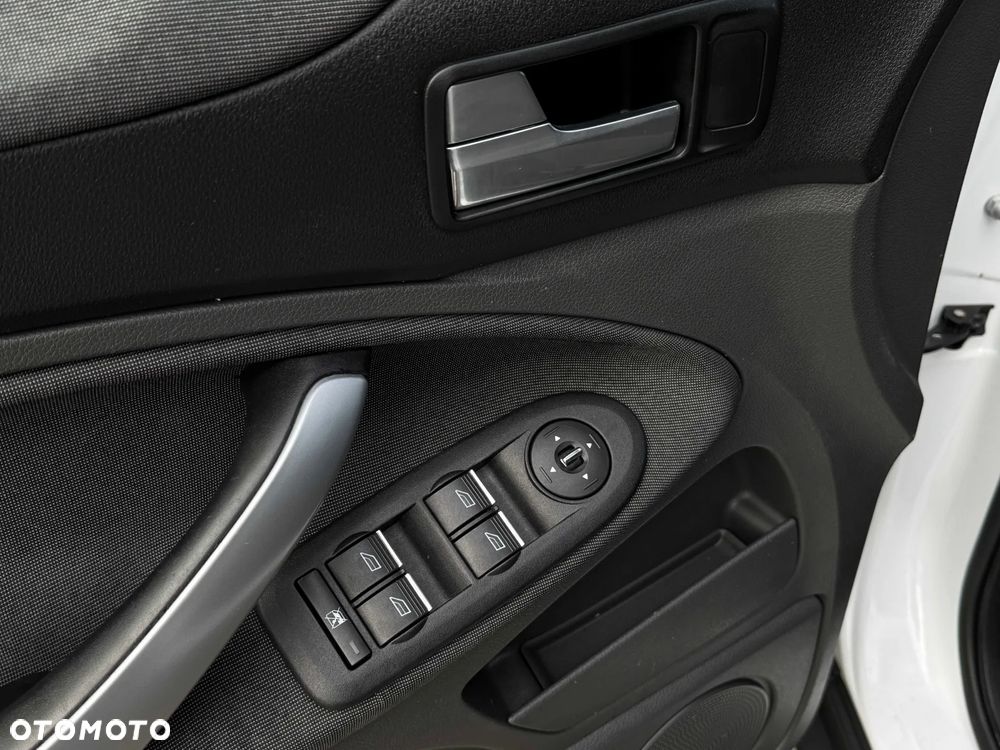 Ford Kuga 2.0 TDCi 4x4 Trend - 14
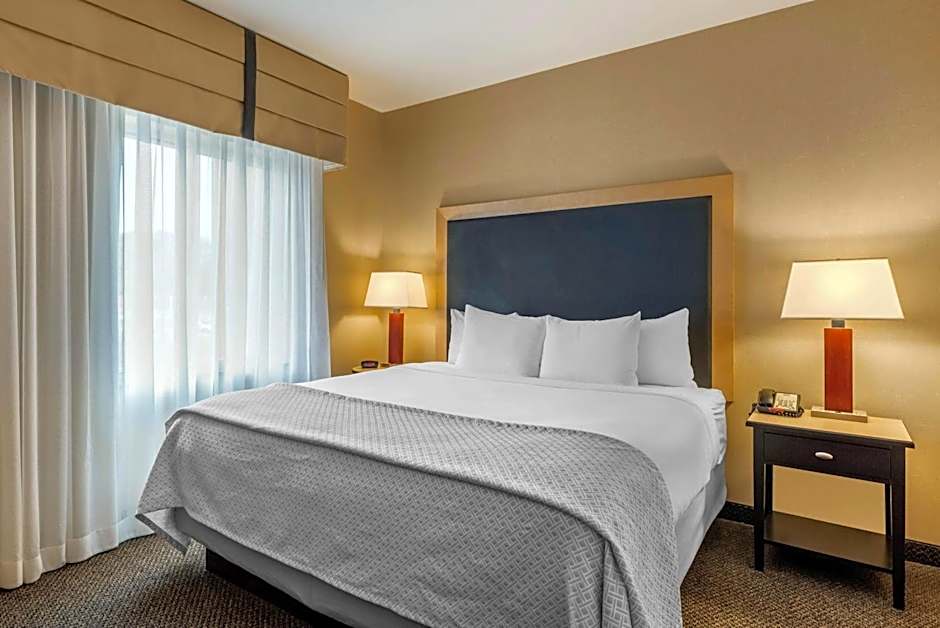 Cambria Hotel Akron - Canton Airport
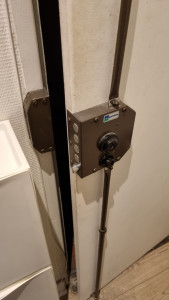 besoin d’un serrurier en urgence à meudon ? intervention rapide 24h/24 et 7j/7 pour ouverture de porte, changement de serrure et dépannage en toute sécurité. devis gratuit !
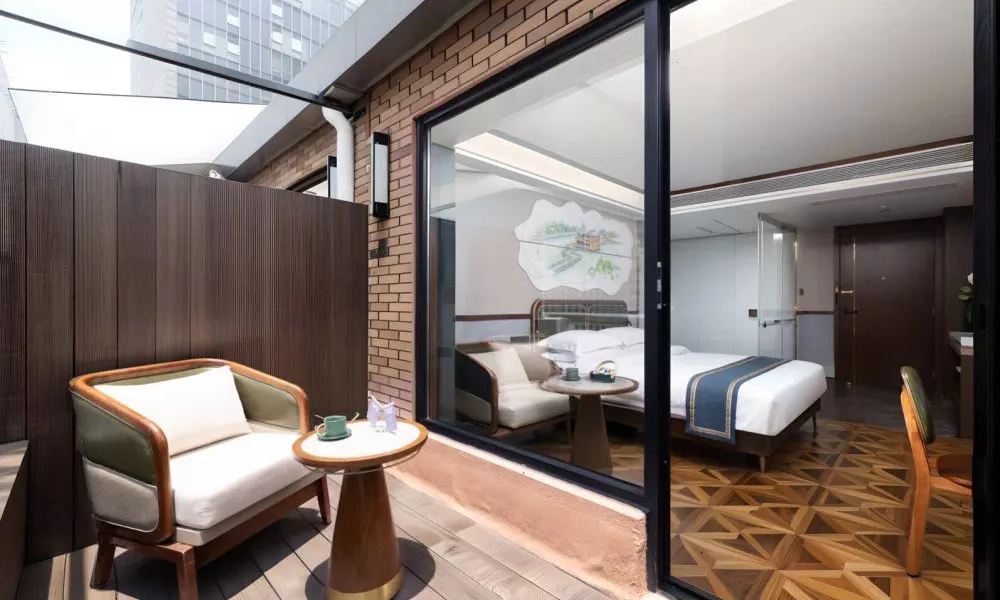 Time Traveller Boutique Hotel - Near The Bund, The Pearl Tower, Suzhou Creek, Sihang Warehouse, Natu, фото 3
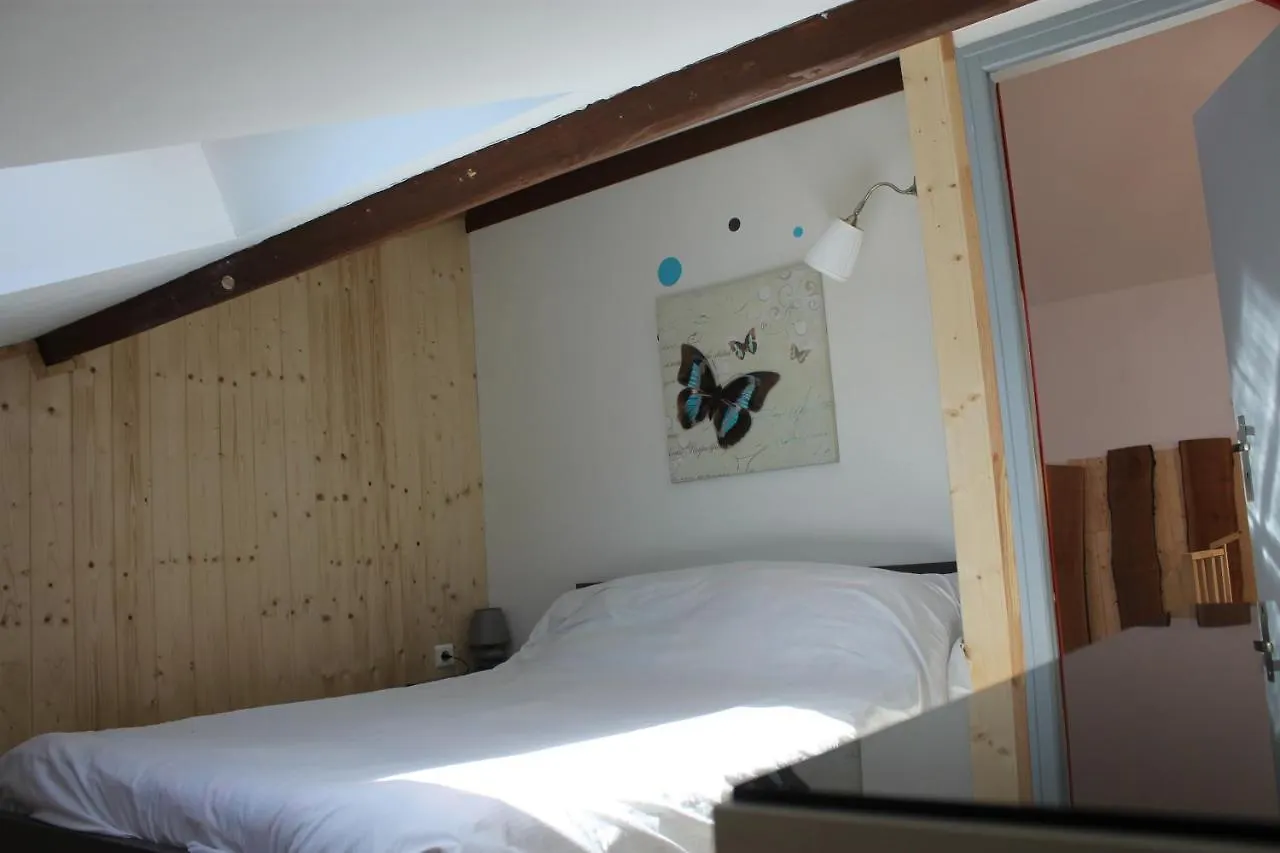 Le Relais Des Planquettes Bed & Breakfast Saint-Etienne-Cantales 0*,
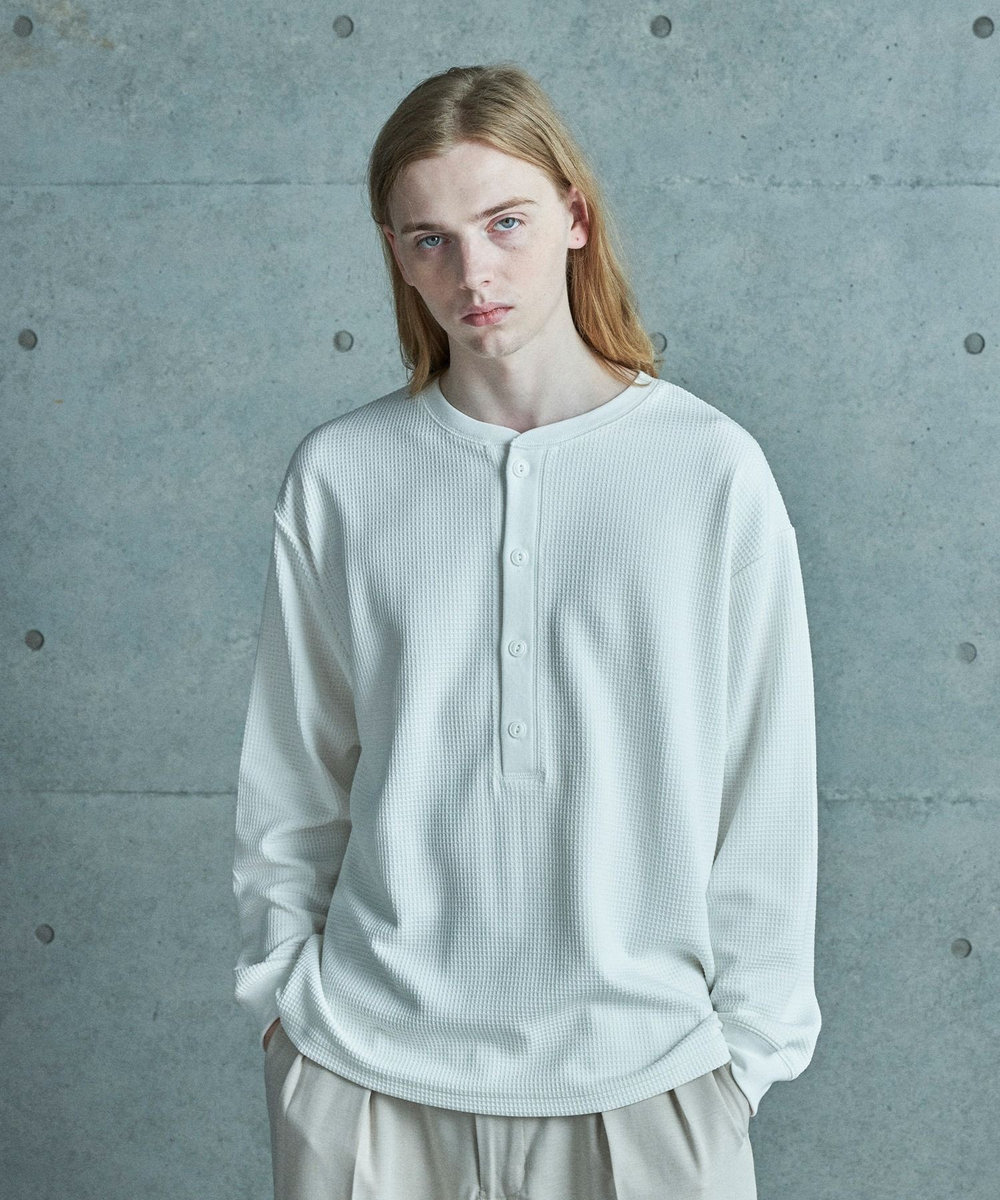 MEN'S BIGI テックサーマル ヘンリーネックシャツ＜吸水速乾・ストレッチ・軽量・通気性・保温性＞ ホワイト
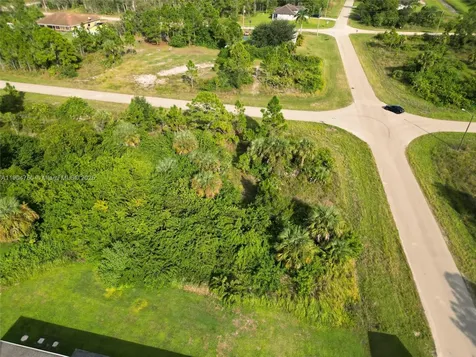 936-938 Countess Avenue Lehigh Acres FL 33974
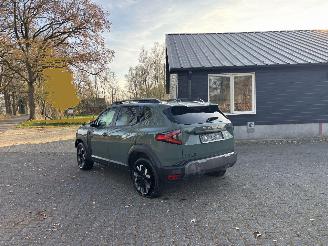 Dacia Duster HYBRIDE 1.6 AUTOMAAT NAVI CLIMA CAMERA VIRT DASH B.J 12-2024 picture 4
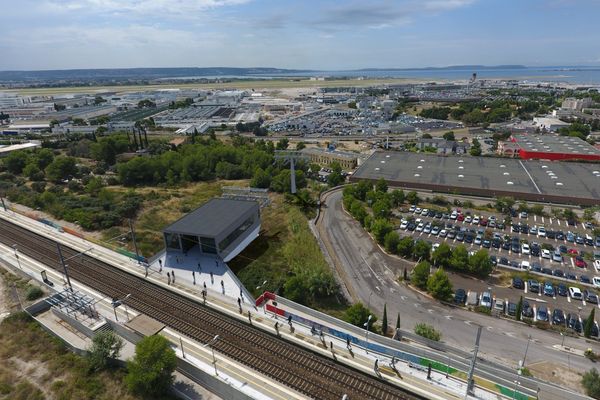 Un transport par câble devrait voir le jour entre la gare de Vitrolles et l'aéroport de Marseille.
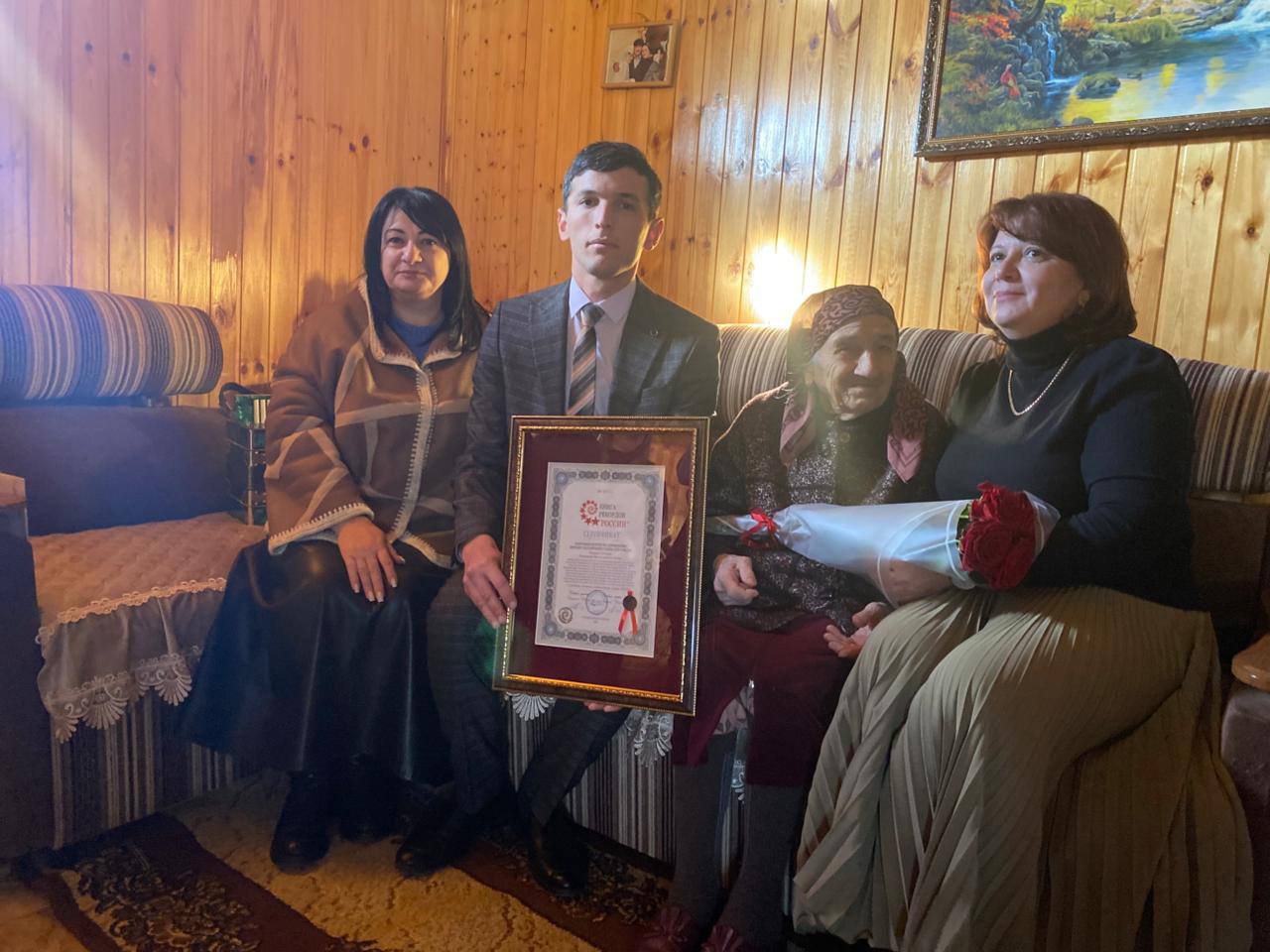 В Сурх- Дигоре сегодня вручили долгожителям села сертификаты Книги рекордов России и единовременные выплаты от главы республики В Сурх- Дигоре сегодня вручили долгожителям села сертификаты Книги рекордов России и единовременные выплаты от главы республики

INSTRUCTIONS FOR THE TASK
Repeat every record exactly, but not the pictures.

RESPONSE BOX
 Ford Kuga 2.0 TDCi 4x4 Trend - 14
 Cambria Hotel Akron - Canton Airport
 besoin d’un serrurier en urgence à meudon ? intervention rapide 24h/24 et 7j/7 pour ouverture de porte, changement de serrure et dépannage en toute sécurité. devis gratuit !
 Time Traveller Boutique Hotel - Near The Bund, The Pearl Tower, Suzhou Creek, Sihang Warehouse, Natu, фото 3
 Le Relais Des Planquettes Bed & Breakfast Saint-Etienne-Cantales 0*,
 MEN'S BIGI テックサーマル ヘンリーネックシャツ＜吸水速乾・ストレッチ・軽量・通気性・保温性＞ ホワイト
 936-938 Countess Avenue Lehigh Acres FL 33974
 Dacia Duster HYBRIDE 1.6 AUTOMAAT NAVI CLIMA CAMERA VIRT DASH B.J 12-2024 picture 4
 Un transport par câble devrait voir le jour entre la gare de Vitrolles et l'aéroport de Marseille.
 В Сурх- Дигоре сегодня вручили долгожителям села сертификаты Книги рекордов России и единовременные выплаты от главы республики В Сурх- Дигоре сегодня вручили долгожителям села сертификаты Книги рекордов России и единовременные выплаты от главы республики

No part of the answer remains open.